İnsanların, yaşamlarında doğru görüş açısını yakalamaları, sonsuza dek yaşayacakları görünmez ruh dünyasının gerçeklerini anlamalarına bağlıdır. Yeryüzü yaşamlarımız, ruh dünyasındaki sonsuz yaşamlarımız için bir hazırlık sürecidir. Beden, fizik dünyasının, ruh da, ruh dünyasının birer mikrobilimi (tüm özellikleri içeren en küçük birimi) olduğu için, insan, evrende, yaradılışın merkezini oluşturan ayrıcalıklı bir konuma sahiptir. O nedenle, ruh ve beden arasındaki uyum sağlanmadıkça, ruh ve fizik dünya arasında bir uyumun oluşması da mümkün değildir. Gerek ruhun, gerekse de bedenin tam olgunluğa erişerek bu uyumun sağlanması ve başlangıçtan beri insana verilmiş Üç Kutsama ayrıcalığına ulaşması ile, bedenin görevide sona erer. Yeryüzünde, bu yükümlülükten arta kalarak yerine getirilmemiş her şeyin, beden öldükten sonra, ruh dünyasında gerçekleştirilip, tamamlanması zorunluluğu söz konusudur. Geçmişten bugüne ruh ya da fizik dünyada yaşamış insanlar, işte bu yükümlülüklerin yerine getirilip, getirilmemelerine bağlı kriterler çerçevesinde, büyük bir çeşitlilik gösteren olgunluk seviyelerine göre yerlerini alırlar.
 
Tanrı’nın amaçladığı, ideal dünya olgusunda, tüm erkek ve kadınlar, yeryüzünde fizik yaşamları içindeler iken, ruh varlıklarını mükemmelliğe ulaştırmak durumundalardır. O halde bugün insanların ruhsal olarak yetersiz ve olgunluktan uzak bir yaşam sürmeleri nasıl açıklanabilir?

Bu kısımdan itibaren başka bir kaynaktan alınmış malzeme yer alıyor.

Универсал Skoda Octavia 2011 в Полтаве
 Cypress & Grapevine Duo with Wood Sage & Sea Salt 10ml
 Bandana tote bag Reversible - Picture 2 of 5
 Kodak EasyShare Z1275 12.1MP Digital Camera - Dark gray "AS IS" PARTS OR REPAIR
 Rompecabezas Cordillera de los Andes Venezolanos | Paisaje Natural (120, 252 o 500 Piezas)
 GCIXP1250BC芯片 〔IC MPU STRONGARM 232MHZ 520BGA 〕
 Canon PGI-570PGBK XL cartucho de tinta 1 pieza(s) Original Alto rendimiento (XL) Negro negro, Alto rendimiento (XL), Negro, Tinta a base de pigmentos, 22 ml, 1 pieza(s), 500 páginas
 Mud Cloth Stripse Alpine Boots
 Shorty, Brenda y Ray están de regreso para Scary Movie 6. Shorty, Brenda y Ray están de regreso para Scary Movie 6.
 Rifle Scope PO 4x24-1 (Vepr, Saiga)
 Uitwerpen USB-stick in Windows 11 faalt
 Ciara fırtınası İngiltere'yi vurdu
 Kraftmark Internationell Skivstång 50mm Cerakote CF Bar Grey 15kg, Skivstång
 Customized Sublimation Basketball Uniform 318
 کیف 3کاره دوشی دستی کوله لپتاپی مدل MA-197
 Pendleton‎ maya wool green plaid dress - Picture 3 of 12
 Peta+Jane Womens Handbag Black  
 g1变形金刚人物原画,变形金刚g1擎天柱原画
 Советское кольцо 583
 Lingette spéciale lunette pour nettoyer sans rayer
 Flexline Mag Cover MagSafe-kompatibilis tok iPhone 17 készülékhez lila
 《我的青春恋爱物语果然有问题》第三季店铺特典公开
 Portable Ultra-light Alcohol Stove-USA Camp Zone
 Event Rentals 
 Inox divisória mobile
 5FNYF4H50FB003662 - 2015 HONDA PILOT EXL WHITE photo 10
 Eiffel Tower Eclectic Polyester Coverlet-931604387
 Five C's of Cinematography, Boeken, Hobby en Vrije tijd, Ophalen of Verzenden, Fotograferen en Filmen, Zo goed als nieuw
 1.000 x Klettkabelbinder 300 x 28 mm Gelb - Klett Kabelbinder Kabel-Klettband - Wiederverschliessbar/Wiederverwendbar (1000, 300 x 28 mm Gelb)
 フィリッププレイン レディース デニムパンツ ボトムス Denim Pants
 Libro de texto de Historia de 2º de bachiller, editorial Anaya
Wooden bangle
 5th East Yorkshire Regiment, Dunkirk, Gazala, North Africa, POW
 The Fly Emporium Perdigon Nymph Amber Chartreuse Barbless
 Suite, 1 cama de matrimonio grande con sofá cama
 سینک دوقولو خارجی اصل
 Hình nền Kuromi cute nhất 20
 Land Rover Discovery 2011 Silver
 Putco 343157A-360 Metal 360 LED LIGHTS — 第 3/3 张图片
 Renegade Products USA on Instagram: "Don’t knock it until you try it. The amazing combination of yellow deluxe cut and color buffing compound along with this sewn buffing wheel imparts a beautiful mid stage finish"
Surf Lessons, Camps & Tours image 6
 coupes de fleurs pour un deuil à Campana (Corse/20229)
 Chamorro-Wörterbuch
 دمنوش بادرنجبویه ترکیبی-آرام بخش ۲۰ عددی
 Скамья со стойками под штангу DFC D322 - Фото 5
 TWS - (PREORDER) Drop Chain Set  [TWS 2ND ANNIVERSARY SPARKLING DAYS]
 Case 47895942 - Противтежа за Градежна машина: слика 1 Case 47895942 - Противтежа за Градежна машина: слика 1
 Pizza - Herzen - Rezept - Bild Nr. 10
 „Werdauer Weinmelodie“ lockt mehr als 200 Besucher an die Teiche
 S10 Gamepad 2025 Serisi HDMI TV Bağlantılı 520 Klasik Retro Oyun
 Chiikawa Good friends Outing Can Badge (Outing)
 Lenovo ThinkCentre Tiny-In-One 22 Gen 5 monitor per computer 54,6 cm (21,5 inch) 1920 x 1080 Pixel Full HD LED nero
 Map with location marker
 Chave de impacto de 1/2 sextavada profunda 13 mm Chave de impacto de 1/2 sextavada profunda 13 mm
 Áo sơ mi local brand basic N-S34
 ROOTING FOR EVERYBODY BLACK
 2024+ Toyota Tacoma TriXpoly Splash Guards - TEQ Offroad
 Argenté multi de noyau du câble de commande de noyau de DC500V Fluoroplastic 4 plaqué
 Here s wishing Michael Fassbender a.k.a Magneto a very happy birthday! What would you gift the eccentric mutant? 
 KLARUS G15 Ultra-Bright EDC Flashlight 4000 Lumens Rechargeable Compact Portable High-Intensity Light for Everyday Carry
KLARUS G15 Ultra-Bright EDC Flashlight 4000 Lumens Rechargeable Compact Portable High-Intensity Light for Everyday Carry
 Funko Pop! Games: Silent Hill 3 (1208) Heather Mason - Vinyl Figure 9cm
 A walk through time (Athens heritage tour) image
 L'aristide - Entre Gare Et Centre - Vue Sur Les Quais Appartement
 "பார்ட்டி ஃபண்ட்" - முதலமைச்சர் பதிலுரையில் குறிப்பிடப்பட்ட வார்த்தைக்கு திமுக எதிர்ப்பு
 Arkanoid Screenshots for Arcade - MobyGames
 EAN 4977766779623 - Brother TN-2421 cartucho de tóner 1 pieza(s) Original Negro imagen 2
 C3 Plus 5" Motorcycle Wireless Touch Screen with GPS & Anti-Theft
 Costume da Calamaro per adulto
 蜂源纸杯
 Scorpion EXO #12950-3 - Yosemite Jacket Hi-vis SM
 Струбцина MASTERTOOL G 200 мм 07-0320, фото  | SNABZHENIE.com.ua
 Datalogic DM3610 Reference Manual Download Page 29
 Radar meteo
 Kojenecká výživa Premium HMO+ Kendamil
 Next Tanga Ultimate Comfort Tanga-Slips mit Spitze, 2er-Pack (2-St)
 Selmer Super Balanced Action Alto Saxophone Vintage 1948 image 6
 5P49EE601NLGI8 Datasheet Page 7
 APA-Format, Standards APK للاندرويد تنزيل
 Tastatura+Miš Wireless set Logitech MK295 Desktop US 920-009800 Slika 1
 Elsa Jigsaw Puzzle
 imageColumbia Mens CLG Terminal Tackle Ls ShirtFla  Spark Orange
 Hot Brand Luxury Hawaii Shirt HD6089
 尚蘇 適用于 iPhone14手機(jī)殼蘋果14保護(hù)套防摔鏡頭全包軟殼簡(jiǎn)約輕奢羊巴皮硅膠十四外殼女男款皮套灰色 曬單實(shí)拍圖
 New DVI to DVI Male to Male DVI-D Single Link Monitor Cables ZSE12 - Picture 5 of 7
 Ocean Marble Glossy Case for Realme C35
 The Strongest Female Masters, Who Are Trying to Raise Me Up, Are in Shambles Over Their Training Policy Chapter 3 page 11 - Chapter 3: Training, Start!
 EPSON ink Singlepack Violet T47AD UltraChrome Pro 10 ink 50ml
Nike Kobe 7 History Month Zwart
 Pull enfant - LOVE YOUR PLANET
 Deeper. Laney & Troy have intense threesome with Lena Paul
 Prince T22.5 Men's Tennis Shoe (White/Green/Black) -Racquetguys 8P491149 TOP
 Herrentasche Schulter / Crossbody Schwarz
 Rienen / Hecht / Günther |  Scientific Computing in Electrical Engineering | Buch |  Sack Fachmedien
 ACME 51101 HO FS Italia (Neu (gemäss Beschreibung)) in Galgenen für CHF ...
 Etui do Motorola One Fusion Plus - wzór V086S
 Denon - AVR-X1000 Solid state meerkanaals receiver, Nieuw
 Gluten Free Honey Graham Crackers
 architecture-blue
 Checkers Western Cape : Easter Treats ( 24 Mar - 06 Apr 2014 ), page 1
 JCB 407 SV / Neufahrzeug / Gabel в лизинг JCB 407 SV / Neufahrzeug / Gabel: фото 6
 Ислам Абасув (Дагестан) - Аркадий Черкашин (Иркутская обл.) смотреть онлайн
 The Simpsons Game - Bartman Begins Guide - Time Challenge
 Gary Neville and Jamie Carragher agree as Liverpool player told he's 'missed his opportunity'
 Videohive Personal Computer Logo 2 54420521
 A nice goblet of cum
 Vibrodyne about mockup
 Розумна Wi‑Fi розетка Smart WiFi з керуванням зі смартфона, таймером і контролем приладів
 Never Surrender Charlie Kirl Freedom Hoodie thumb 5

Neden dünyamız ve insanlık tarihi, Tanrı’nın arzuladığı sevgi dolu yerine, kin, nefret, şiddet, düşmanlıklar, baskı savaşlarla dolu bir tablo çizmektedir?
 
Nedenini tam olarak çözümleyemesek bile, bir şeylerin ciddi biçimde dünyamızda ters gitmiş olduğu göz ardı edilemez. İnsanlar, daha yaradılışlarının başlangıcında, kendilerine tanınan hür irade ayrıcalığının beraberinde getirdiği sorumlulukları hiçe sayarak Tanrı’nın orijinal yaradılışındaki doğal unsurlar olan güzellik ve iyiliği acımasızca yok etmiş ve kendi ben-merkezci isteklerini tatmin uğruna o günden buyana da her yolu denemektedirler.
 
Bu kitabın ilk bölümünde, insanlığın tarih boyu boğuşmak durumunda kaldığı kötülük olgusundan uzak, Tanrı merkezli bir ideal dünya olgusunun nasıl bir yer olacağından söz edilmekte idi. Sözü edilen bu ideal dünya, kimilerinin iddia ettiği gibi asla bir fantazi dünyası değil, aksine Tanrı’nın evreni yarattığında tasarladığı her yönü ile gerçek bir dünyadır. Dolayısı ile Tanrı’nın, yaradılışı için olan iradesinin mutlaklığı göz önüne alındığında, bu iradenin gerçekleşmesinin bir ütopya olmadığı ve zaman içinde mutlaka gerçekleşeceği de daha iyi anlaşılabilir. Kitabımızın ikinci başlığı altında, Tanrı’nın planladığı ideal dünya ile, bugün karşı karşıya kalınan dünya olguları arasındaki inanılmaz çelişkinin, nelere bağlı olarak ortaya çıktığı sorusuna açıklık getireceğiz. İnsanın düşüp, Tanrı’dan uzaklaşış olayı, tek Tanrılı üç büyük dince de kabul edilmekle beraber, bu olayın gerisindeki etkenler, sonrasında yol açtığı sonuçlar ve insanlığın bütününe olan etkileri, bu zamana kadar anlatılanların ışığında, özellikle de insanın, bu sonuca gelinmesindeki sorumluluk payı vurgulanarak bir kez daha gözden geçirilip, açıklanmaya çalışılacaktır. Bu konu derinliğince anlaşıldığında, üçüncü ve son bölümde açıklanan, Tanrı’nın, düşmüş insanlığı onarmaya yönelik irade ve çalişmalarının kavranabilmesi için gerekli anlayış temeli de okur için oluşacaktır.